[STUDY MATERIAL]

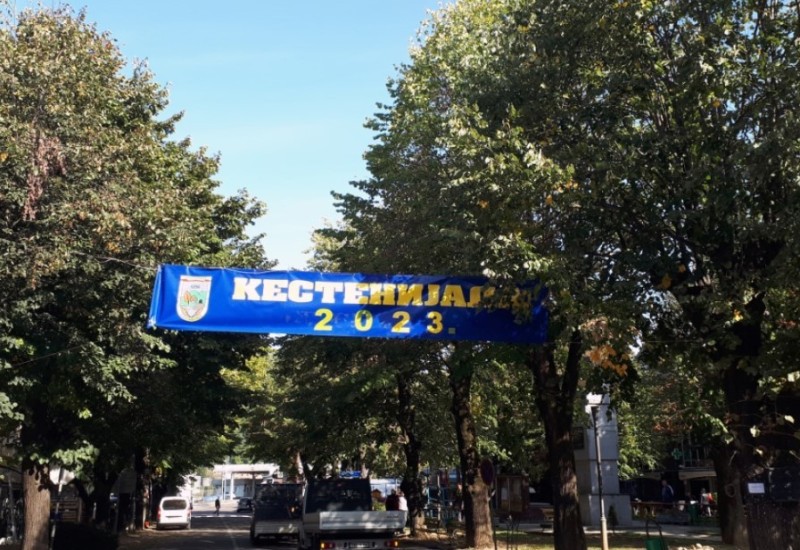 Tradicionalna manifestacija: Pola tone kestena za besplatnu degustaciju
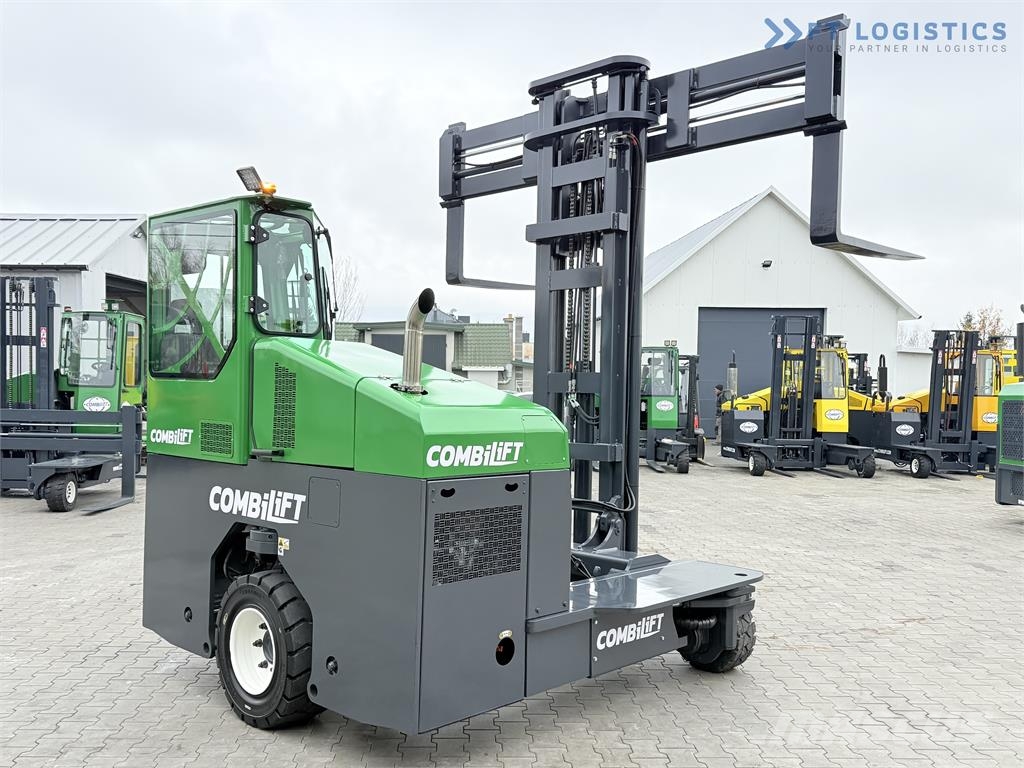 Combilift C4500 / DIESEL / DUPLEX 5500MM / WIDE-FORK-POSITIO Повдигач с движение в 4 посоки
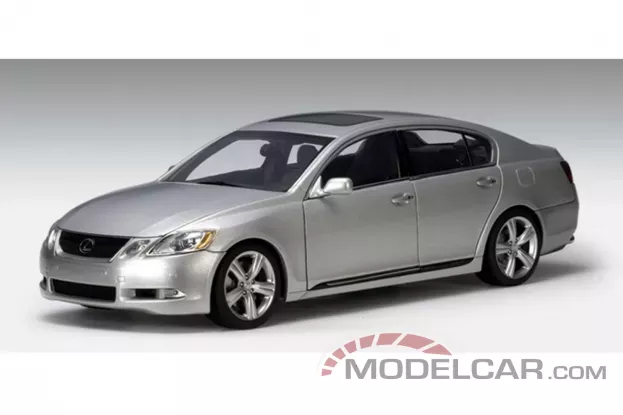 AUTOart Lexus GS430 2006 LHD Mercury Metallic 1:18 78801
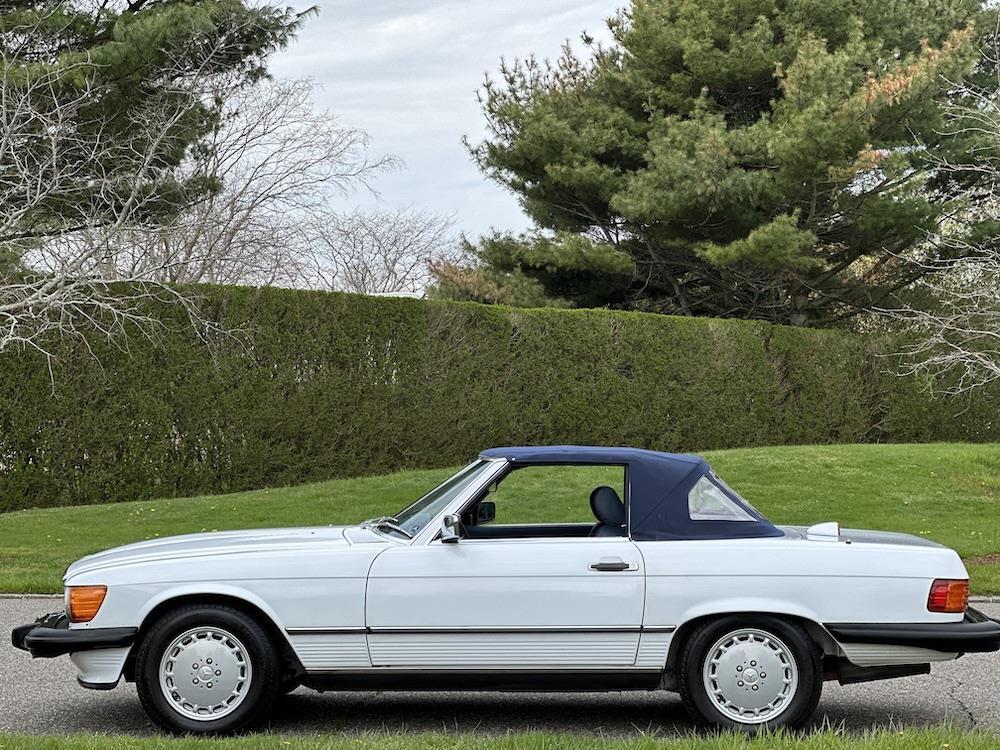 Owner 1987 Mercedes-Benz 560 Series 560SL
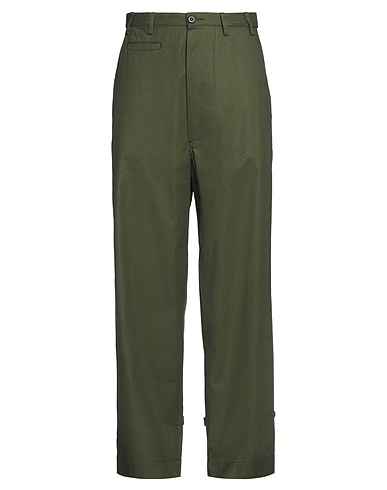 KENZO Casual pants Military green 100% Cotton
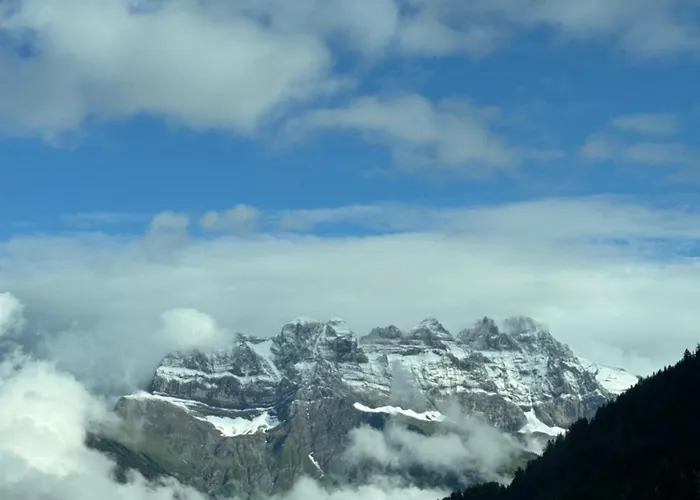 Un Pas Comme Les Autres! Dağ evi Morgins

[/STUDY MATERIAL]

WHAT IS REQUIRED: The lines to retype run from the one containing "KENZO Casual pants" through the last line of the records above; write them exactly and skip the pictures.

TASK RESULT:
 KENZO Casual pants Military green 100% Cotton
 Un Pas Comme Les Autres! Dağ evi Morgins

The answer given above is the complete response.